Feb 7, 2007
Local Lib Dem Parliamentary campaigner has challenged Reading East MP, Rob Wilson, to vote for an end to cronyism.
The Labour Government publish their proposals for reform of the House of Lords today (Wednesday), and local Liberal Democrat Gareth Epps has hit out at them, saying:
“The vast majority of peers should be elected. Conservative MPs, like Rob Wilson, should stand up for Reading East and demand fair representation for local people.
Reform of the House of Lords is long overdue, but the government still want to be able to appoint their cronies to make our laws. They have clearly learnt no lessons from their current predicament.”
The government want only half of the House of Lords to be elected and most of the rest appointed by political parties. The remainder would be appointed by an independent commission.
Gareth said, “Half is just not good enough. If we are to have a fair and representative second chamber, we need the vast majority of peers to be elected and for politicians to have no hand in picking the rest. Rob Wilson should stand up and vote with my Liberal Democrat colleagues in the House of Commons to bring an end to cronyism.”
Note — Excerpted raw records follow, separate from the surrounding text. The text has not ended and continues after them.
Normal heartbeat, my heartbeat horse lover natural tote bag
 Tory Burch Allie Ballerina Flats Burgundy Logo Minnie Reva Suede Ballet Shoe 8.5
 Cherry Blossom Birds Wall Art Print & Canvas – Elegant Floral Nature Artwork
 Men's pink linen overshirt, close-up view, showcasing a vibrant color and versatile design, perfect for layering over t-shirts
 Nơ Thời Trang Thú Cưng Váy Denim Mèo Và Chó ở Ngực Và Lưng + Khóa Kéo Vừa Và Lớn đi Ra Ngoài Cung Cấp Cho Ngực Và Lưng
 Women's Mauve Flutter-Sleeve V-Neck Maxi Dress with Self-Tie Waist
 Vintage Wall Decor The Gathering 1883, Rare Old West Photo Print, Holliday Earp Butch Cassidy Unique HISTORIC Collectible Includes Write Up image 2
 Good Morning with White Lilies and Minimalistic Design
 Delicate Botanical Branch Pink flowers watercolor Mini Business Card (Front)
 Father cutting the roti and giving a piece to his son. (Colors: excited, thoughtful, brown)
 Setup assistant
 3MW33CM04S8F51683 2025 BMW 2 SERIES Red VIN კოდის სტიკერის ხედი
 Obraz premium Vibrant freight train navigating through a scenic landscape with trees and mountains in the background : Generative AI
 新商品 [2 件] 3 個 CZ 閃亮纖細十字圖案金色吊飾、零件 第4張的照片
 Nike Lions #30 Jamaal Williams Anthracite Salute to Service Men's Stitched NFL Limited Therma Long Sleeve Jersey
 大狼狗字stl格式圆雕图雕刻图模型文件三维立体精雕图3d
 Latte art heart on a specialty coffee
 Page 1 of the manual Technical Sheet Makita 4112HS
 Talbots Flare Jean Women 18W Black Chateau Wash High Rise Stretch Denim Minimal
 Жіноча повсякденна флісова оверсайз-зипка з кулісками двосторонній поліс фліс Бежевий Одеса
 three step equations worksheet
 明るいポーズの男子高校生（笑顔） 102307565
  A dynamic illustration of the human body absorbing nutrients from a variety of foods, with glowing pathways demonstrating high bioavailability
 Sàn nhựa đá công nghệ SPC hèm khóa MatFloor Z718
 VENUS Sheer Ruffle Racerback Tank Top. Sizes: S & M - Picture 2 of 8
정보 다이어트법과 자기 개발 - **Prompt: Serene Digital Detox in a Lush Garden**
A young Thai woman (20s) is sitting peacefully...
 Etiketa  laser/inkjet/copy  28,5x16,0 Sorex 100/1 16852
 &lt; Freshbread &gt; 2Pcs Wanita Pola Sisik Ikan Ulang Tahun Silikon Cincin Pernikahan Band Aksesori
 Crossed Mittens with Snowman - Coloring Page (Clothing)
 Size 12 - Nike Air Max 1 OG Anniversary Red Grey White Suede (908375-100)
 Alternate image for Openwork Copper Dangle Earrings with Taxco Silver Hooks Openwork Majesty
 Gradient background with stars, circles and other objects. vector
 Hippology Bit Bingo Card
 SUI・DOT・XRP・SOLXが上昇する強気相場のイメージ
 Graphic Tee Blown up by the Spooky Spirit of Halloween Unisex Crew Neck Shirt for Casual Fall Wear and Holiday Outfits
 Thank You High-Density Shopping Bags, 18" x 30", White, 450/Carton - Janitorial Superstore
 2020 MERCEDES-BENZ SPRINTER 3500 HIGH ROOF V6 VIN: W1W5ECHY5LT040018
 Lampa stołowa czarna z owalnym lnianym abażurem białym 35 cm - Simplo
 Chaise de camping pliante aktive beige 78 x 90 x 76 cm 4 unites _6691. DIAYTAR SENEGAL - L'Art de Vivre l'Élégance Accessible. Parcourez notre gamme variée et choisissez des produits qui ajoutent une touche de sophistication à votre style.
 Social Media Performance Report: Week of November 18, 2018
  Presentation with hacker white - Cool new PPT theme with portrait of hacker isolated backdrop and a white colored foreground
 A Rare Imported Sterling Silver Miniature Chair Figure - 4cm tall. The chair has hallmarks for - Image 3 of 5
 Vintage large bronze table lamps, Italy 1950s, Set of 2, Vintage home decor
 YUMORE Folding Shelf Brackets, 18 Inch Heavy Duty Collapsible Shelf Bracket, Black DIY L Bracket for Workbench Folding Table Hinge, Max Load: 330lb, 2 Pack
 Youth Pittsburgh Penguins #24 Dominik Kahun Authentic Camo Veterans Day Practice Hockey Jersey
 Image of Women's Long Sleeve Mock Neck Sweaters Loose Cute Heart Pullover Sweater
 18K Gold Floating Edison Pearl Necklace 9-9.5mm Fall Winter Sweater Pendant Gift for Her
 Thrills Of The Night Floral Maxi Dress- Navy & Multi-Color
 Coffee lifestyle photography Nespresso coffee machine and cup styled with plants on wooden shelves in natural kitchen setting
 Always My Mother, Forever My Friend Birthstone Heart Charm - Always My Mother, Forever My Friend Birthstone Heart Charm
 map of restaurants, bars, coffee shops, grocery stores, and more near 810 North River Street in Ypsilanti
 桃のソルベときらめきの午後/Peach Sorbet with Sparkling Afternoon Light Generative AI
Editor’s Note – The government’s White Paper was published today and proposes that:
- Half of peers to be elected, 30% political appointees and 20% appointed by the independent appointments commission;
- Appoint no new hereditary peers;
- Appoint no new life peers;
- Members to hold office for a non-renewable term of 15 years;
Liberal Democrats believe:
- The majority of the House of Lords should be elected, with no more than 20% appointed by an Independent Appointments Commission
- There should be no additional political appointees;
- No more hereditaries and no more life peers created. Hereditaries should cease to serve at the date of the first elections;
- Members should be elected under a system that gives voters real choice (such as the Single Transferable Vote);
- We propose three fixed 4 year terms, i.e 12 years non-renewable.
- Reformed Lords (and Commons) should retain its powers of scrutiny over the government.
A vote on the proposals is expected in early March.